From Youssef Saba and Rishna Opal

ABU DHABI (Reuters) – The global holding company plans to sell 20% of its technology unit in an initial public offering next year, the company’s chief executive told Reuters, adding that the United Arab Emirates’ International Humanitarian City is aiming for an initial public offering in the first quarter of the company. Pure Health to Pure Health Corporation. Raising more than 1 billion dollars.

The International Humanitarian City, which had risen from relative obscurity to become the largest publicly traded company in the United Arab Emirates with a value of more than $200 billion, was on the road to mergers and acquisitions.

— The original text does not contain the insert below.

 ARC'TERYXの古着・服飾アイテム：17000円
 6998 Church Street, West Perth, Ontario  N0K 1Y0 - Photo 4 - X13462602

This led two IHC subsidiaries to round up the top three companies on the Abu Dhabi Stock Exchange (ADX).

Asked about the plans of the International Technology Holding Company (ITH), CEO Syed Pasar Shoaib said IHC will likely list 20% of it in the third quarter and is in talks with local companies about potential acquisitions by the group that originated from sector properties. Information technology in the International City for Humanitarian Services.

Shuaib said ITH is expected to be worth more than half a billion dirhams ($136 million) and have assets of $1 billion by the second quarter.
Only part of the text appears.